To the multitude of meat eaters salivating for a new steak, Tony Mata is ready to serve. Mata has a Ph.D. in meat science and a business consulting the culinary industry. After several years of trial and error and support from the meat researchers at Oklahoma State University, Mata has a brand new discovery that he calls the Vegas Strip.
It comes from an uninspiring area of the carcass that butchers tended to turn into ground chuck, but Mata insisted there was a jewel in all that fat, cartilage and gristle. He told CBS News’ Dean Reynolds that if you used “standard butchering procedures, following the seam” on that piece of meat, there’s no way to get a good cut.

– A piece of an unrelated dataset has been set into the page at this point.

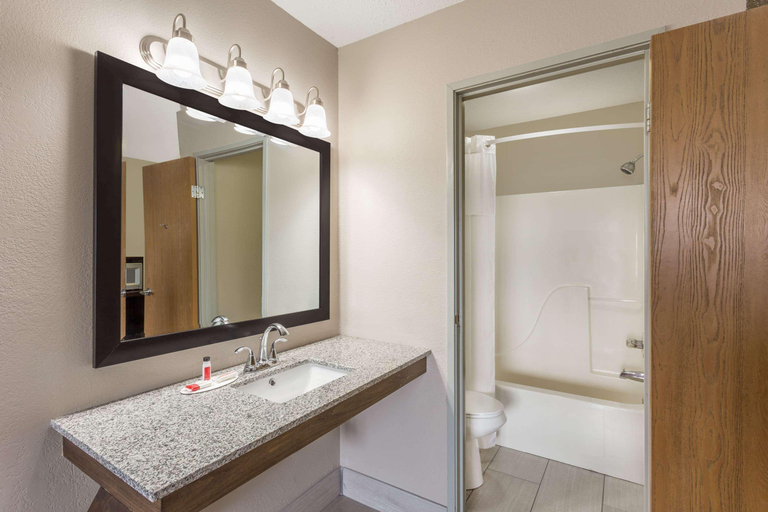 Bathroom 4, Super 8 by Wyndham Hebron Lowell Area, Lake
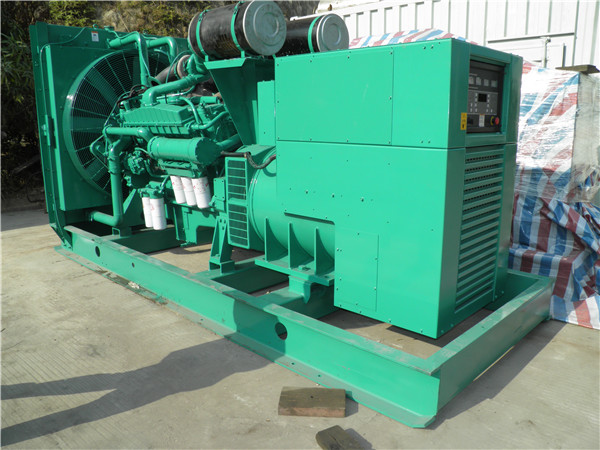 山丹出租发电机-进口柴油发电机组与国产柴油发电机组的区别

Mata's patented procedure, which he's trained butchers to perform in as little as 25 seconds, actually trims the bad from the good.
Rick Gresh is the executive chef at David Burke's Prime House in Chicago. He said new cuts of steak are very important.
“I think it's a pretty huge deal, especially since the last time a steak was invented was probably like 10 years ago,” he said, referring to the flat-iron steak, which, coincidentally, Mata also discovered.
Mata told Reynolds that “there’s a diversity of eating experiences in that beef carcass” and it’s that line of thinking that makes chefs happy.
“I thought it was the coolest thing ever, and for me as a chef it really opened my eyes to look at all animals that way, and there's some great cuts out there that people don't know about,” said Gresh.
The chef said when the Vegas Strip is on the menu as a special it does “quite well” and he’s sold as many as 400 in one day.
With meat consumption dropping steadily for decades and with tough economic times a relatively inexpensive cut like the Vegas Strip comes along at just the right time.